With the holidays in full swing, I feel tempted to wish for an end to poverty and the America's rampant consumerism. It does sound appealing... no more haggard faces beseeching indifferent passersby to throw a coin in their cups, or at least to acknowledge their existence. No more “doorbuster” stampedes or fisticuffs, no more giants like Jdimytai Damour slain by stampeding swarms of product-addled ants. No more “experts” telling us where the stock market will go tomorrow and what we must buy if we want to be happy, secure and socially proud, no more Ben Bernanke or Tim Geithner or Wal-Mart.

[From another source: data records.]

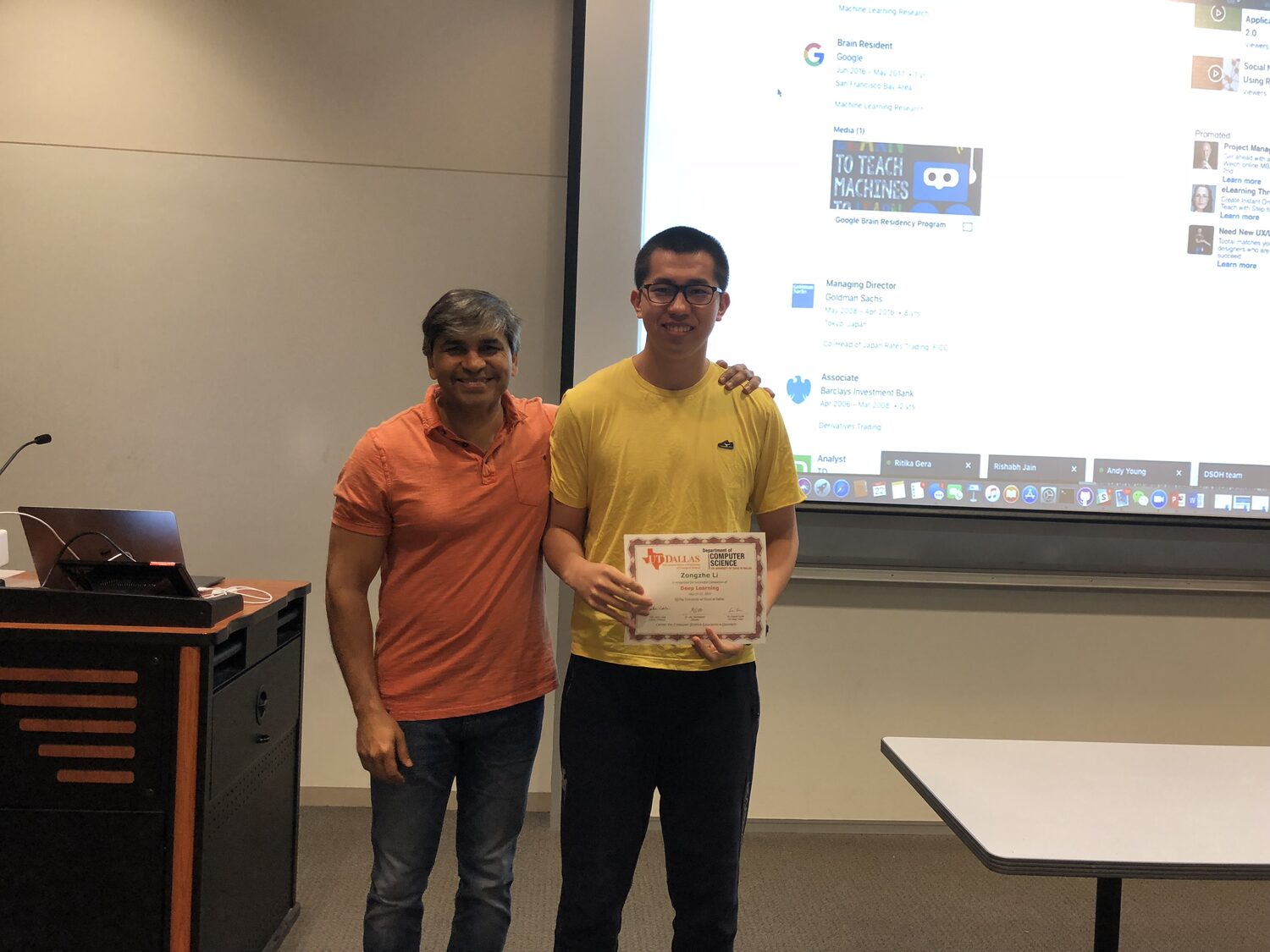 A delegate holds the Deep Learning certificate at the front of the teaching room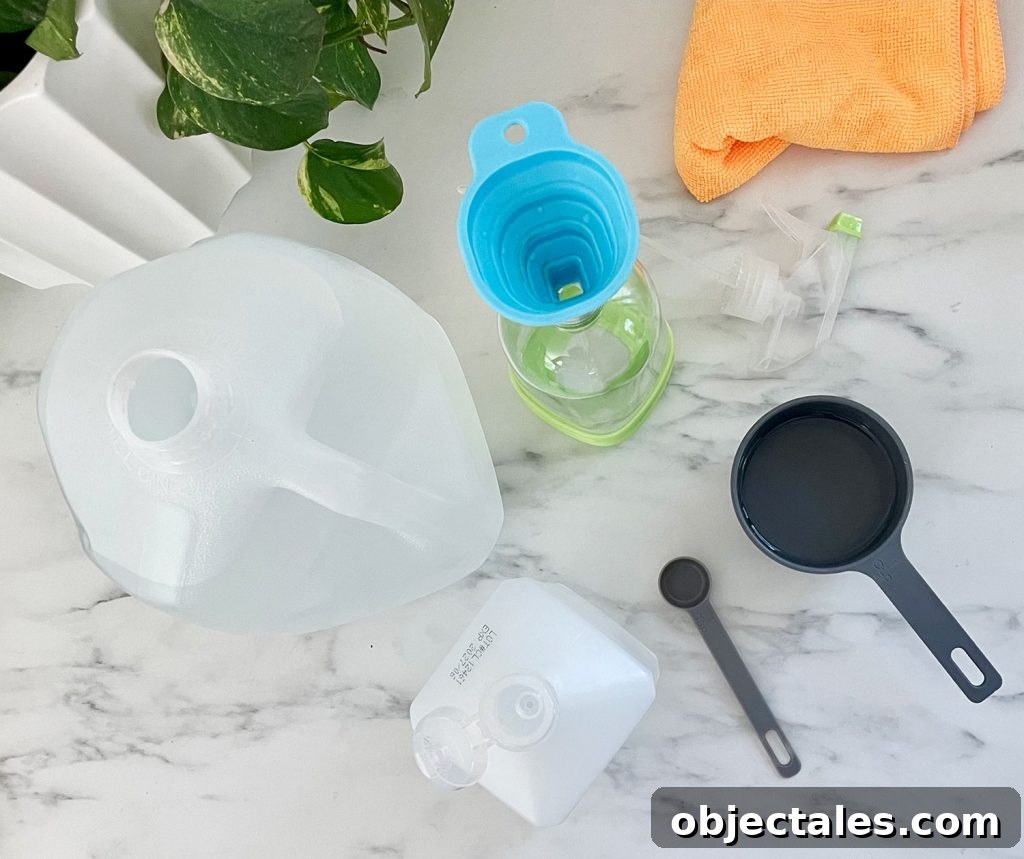 Overhead View Of Mixing Homemade Glass Cleaner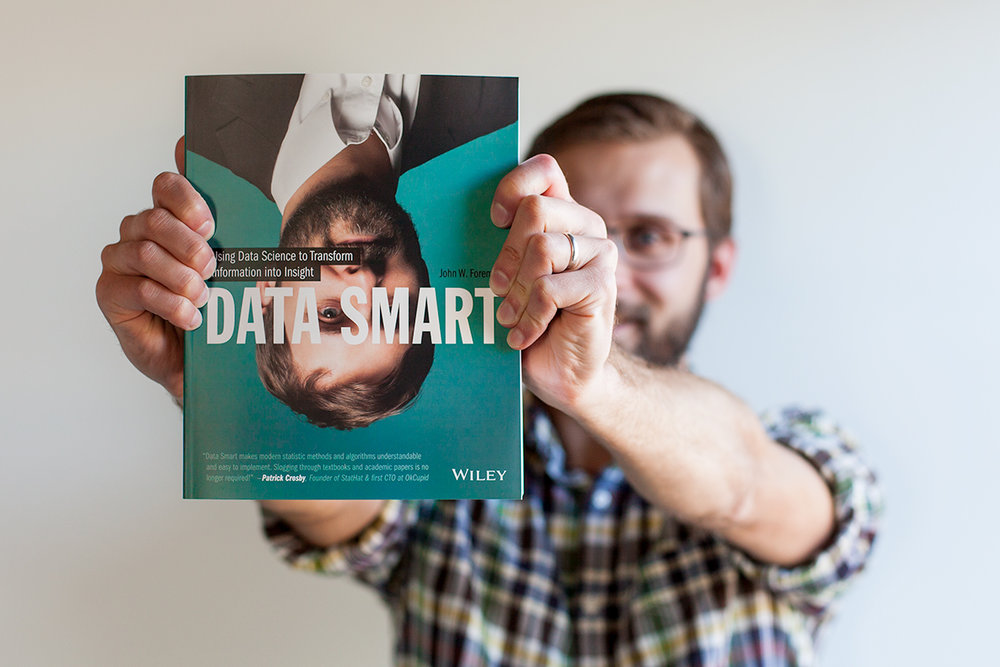 John Foreman, Chief Data Scientist, holding Data smart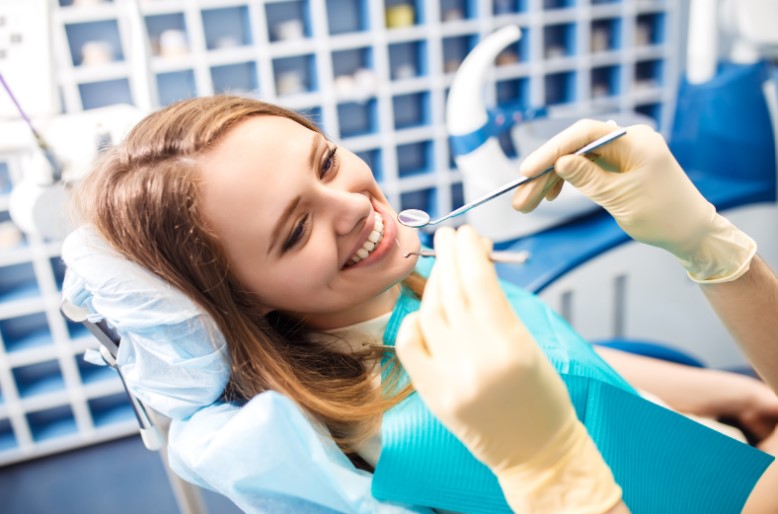 Dental Veneers in Guildford displayed on a model, showcasing a perfect, white smile.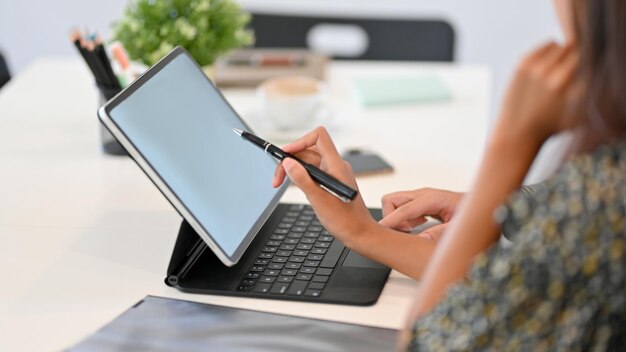 Middelsectie van een vrouw die een mobiele telefoon op tafel gebruikt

But the problem with my wish would be that it’s a wish... something to cling to, something that excludes aspects of reality I find inconvenient or offensive. Like the heedless consumption my wish would abolish, it is a denial of reality, an attempt to parse good from bad and to perfect a world that, despite its obvious flaws, contains everything we need. The world is perfect, just as it is; we merely need to see clearly, to pay attention, and to drop our ideas and preconceptions about how things ought to be in order to recognize that perfection. Wanting to change reality to suit our individual tastes is just an addiction – in fact, it is the mother of all other addictions. And the mother of all battles is to drop the need to discriminate between superficially separate phenomena – good and bad, expensive and cheap, homebound and homeless – these and myriad other dualisms are the addictions to which we are all subject. Go cold turkey on this addiction, and everything will fall into place. As Seng T’san, the third Zen patriarch wrote in his “Verses on the Faith Mind”:
The Great Way is not difficult
for those who have no preferences.
When love and hate are both absent
everything becomes clear and undisguised.
Make the smallest distinction, however,
and heaven and earth are set infinitely apart.
If you wish to see the truth
then hold no opinions for or against anything.
To set up what you like against what you dislike
is the disease of the mind.
When the deep meaning of things is not understood,
the mind’s essential peace is disturbed to no avail.
So, was this blog posting a waste of my time and yours? Yes! No! Maybe!